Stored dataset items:
+++++

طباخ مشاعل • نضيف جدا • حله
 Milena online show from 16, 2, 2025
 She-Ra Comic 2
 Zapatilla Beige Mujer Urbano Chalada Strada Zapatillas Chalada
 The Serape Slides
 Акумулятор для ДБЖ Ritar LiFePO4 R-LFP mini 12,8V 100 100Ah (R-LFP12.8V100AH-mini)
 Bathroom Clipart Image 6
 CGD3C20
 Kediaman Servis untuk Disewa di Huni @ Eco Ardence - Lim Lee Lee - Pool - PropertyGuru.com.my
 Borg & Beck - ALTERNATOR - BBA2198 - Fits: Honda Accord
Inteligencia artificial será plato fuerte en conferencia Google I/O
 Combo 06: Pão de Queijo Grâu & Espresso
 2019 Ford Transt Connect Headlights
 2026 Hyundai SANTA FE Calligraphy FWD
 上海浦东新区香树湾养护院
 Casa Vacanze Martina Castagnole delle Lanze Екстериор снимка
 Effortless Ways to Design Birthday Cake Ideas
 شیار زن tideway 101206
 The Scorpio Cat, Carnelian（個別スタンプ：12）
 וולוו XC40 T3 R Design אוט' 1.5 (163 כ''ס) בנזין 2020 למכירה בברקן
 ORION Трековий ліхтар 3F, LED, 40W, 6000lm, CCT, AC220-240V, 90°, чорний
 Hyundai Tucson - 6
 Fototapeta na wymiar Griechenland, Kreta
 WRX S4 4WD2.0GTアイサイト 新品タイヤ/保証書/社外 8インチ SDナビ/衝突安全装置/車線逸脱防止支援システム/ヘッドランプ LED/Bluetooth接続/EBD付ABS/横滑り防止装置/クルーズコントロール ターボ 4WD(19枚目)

+++++

INSTRUCTIONS FOR THE TASK: Print exactly the line containing "Casa Vacanze Martina" and every line after it through the end of the records above, and nothing else.

FINISHED TASK:
 Casa Vacanze Martina Castagnole delle Lanze Екстериор снимка
 Effortless Ways to Design Birthday Cake Ideas
 شیار زن tideway 101206
 The Scorpio Cat, Carnelian（個別スタンプ：12）
 וולוו XC40 T3 R Design אוט' 1.5 (163 כ''ס) בנזין 2020 למכירה בברקן
 ORION Трековий ліхтар 3F, LED, 40W, 6000lm, CCT, AC220-240V, 90°, чорний
 Hyundai Tucson - 6
 Fototapeta na wymiar Griechenland, Kreta
 WRX S4 4WD2.0GTアイサイト 新品タイヤ/保証書/社外 8インチ SDナビ/衝突安全装置/車線逸脱防止支援システム/ヘッドランプ LED/Bluetooth接続/EBD付ABS/横滑り防止装置/クルーズコントロール ターボ 4WD(19枚目)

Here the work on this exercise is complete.